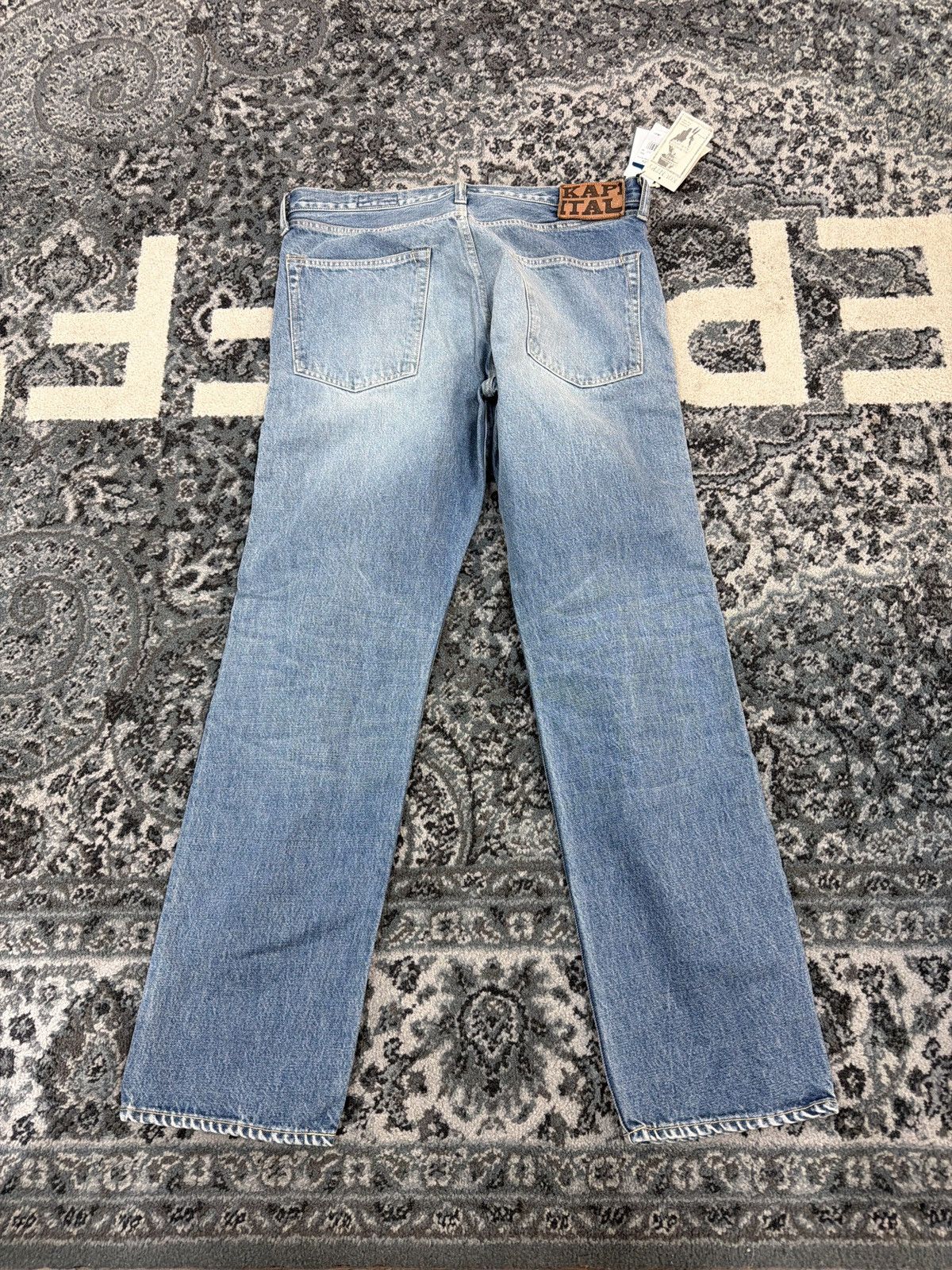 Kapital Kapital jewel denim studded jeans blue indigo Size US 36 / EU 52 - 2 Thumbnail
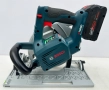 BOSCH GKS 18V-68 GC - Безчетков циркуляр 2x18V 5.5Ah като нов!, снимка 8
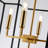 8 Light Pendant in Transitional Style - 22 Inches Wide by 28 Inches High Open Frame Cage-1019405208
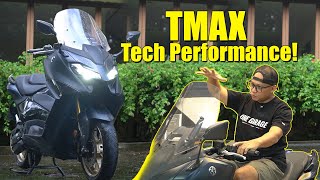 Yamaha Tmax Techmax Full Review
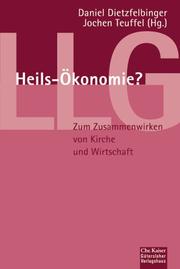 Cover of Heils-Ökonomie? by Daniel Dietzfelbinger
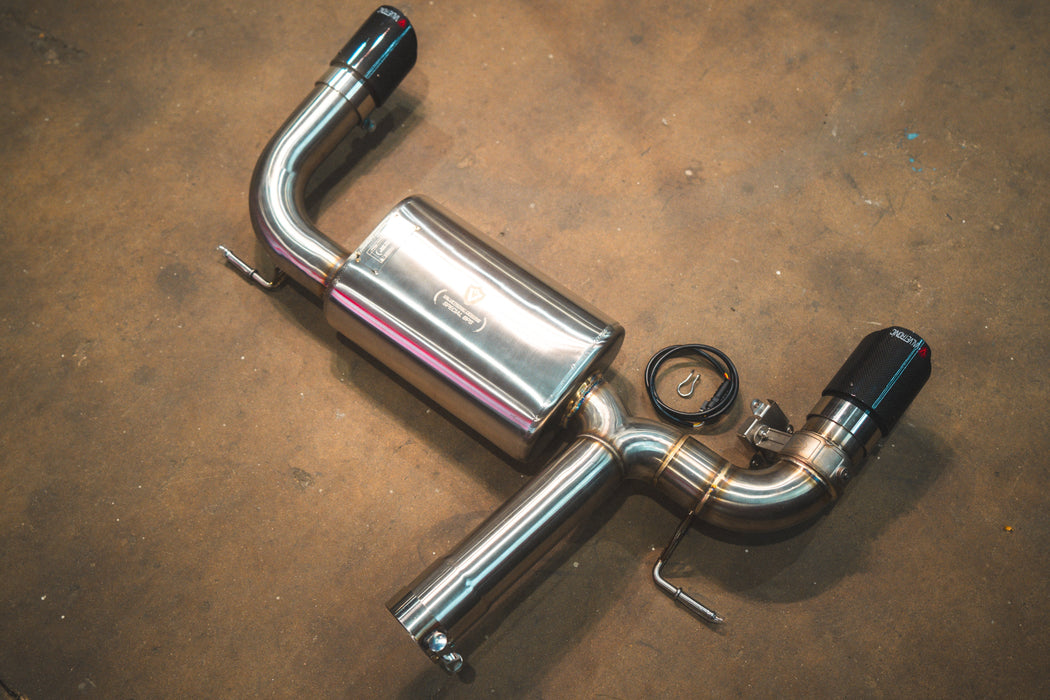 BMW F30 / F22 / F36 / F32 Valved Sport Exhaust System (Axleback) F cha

## What is being asked
Every line from the line containing "BOSCH GKS 18V-68" through the last line above is to be printed exactly. Pictures are not copied.

## The answer
 BOSCH GKS 18V-68 GC - Безчетков циркуляр 2x18V 5.5Ah като нов!, снимка 8
 8 Light Pendant in Transitional Style - 22 Inches Wide by 28 Inches High Open Frame Cage-1019405208
 Yamaha Tmax Techmax Full Review
 Cover of Heils-Ökonomie? by Daniel Dietzfelbinger
 BMW F30 / F22 / F36 / F32 Valved Sport Exhaust System (Axleback) F cha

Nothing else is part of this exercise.